District: Northern
Situation and characteristics
Bet Shean (the Biblical Bethshan) lies on the river Harod 26km/16mi south of the Sea of Galilee, in the eastern part of the Jezreel plain, which carefully regulated irrigation has made a fertile agricultural area. According to the Talmud
"If the garden of Eden is in Israel, then its gate is in Bet Shean". In addition to such interesting remains as the Roman theater there is evidence that the history of the site goes far back beyond Roman times into the fourth millennium B.C. It also has associations with King Saul.
History
American archaeologists from the University of Pennsylvania carried out excavations here in 1921-23 and identified 18 occupation levels, the earliest dating back to the fourth millennium B.C. Bet Shean first appears in the records in Egyptian documents of the 19th century B.C. After his conquest of Canaan in the 15th century B.C. Pharaoh Tuthmosis III fortified the town. In the 11th century it was captured by the Philistines, advancing inland from the sea. After the Philistines defeated Saul and his sons in a battle on nearby Mount Gilboa in 1010 B.C. they "put [Saul's] armor in the house of Ashtaroth, and they fastened his body to the wall of Bethshan"; then during the night men from Gilead, beyond the Jordan, recovered the bodies and gave them burial (1 Samuel 31).

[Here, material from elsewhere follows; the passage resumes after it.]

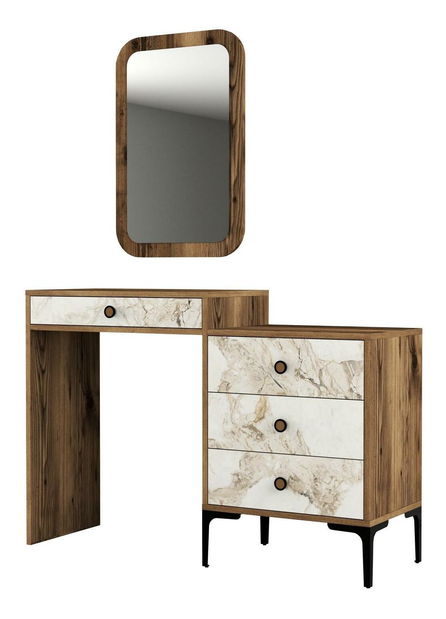 Toaletní stolek Logan 2 (bílá + ořech) (se zrcadlem)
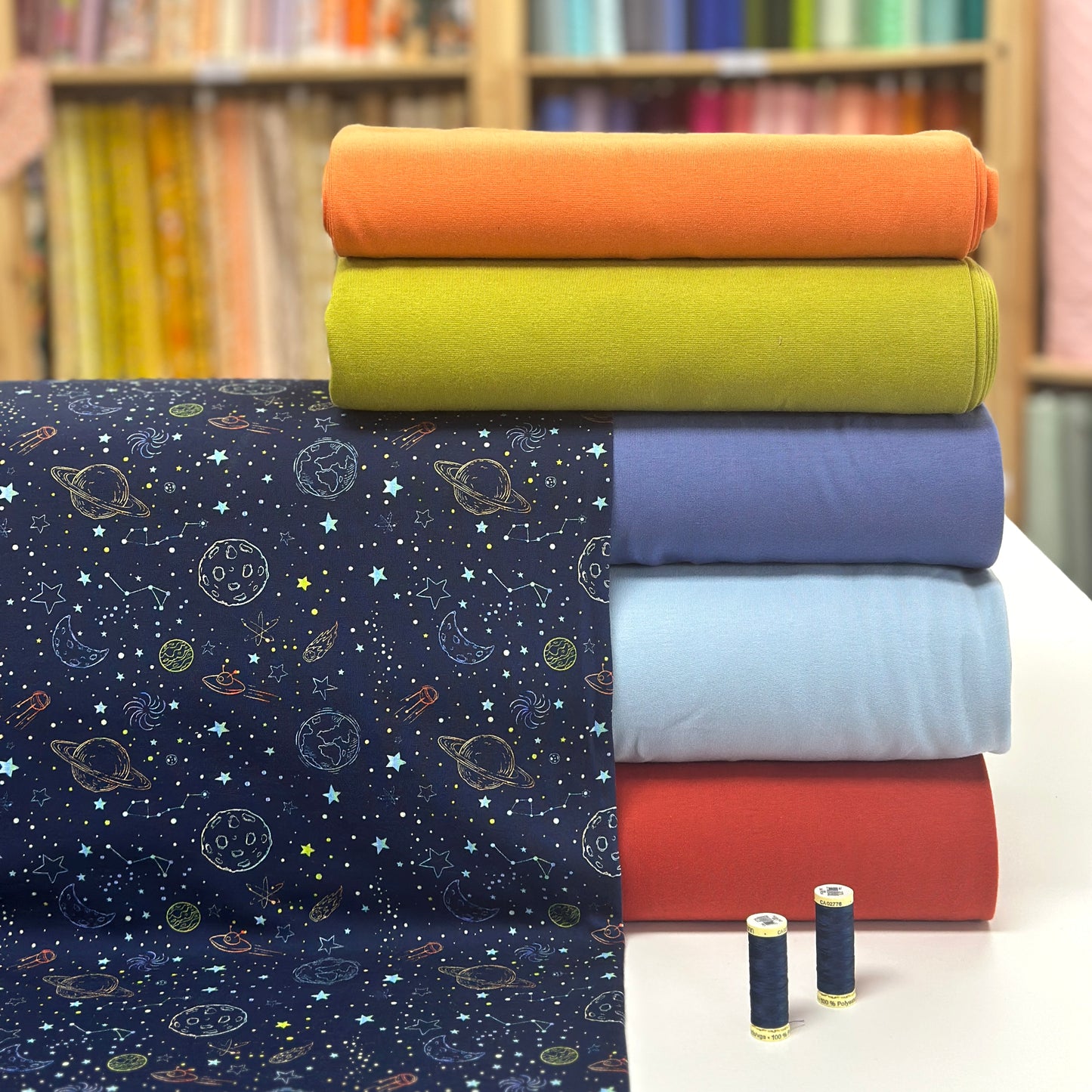 Fin de rouleau 61 cm - Espace - French Terry brossé imprimé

David, Saul's successor, conquered the Philistine town, which for some unknown reason was abandoned in the eighth century B.C. In the third century B.C. it was resettled by Scythian veterans and renamed Scythopolis. In the Hasmonean period (second and first century B.C.) numbers of Jews came to live in the town. In 63 B.C. Pompey declared it a free city and it became a member of the Decapolis, the League of Ten Cities. Under Roman rule, thanks to its productive agriculture and textile industry, it enjoyed a fresh period of prosperity, to which the numerous remains bear witness. In Byzantine times the town had a population of some 40,000; most of them were Christians, but there was also a Jewish community. This period came to an end with the Arab conquest in 639, and soon afterwards the town was destroyed by an earthquake and abandoned.
In the 12th century Bet Shean was held by Tancred, Prince of Galilee. After its conquest by Saladin in 1183 the town had a Jewish population, one member of which was Rabbi Estori Haparhi, who wrote the earliest work in Hebrew on the geography of Palestine. Later increasing numbers of Arabs settled in the town, and its name was changed to Beisan. A relic of the Turkish period is the Seraglio in the Municipal Park, an administrative building erected in 1905. Jews began to return to the town in 1937, and many more have come since 1948.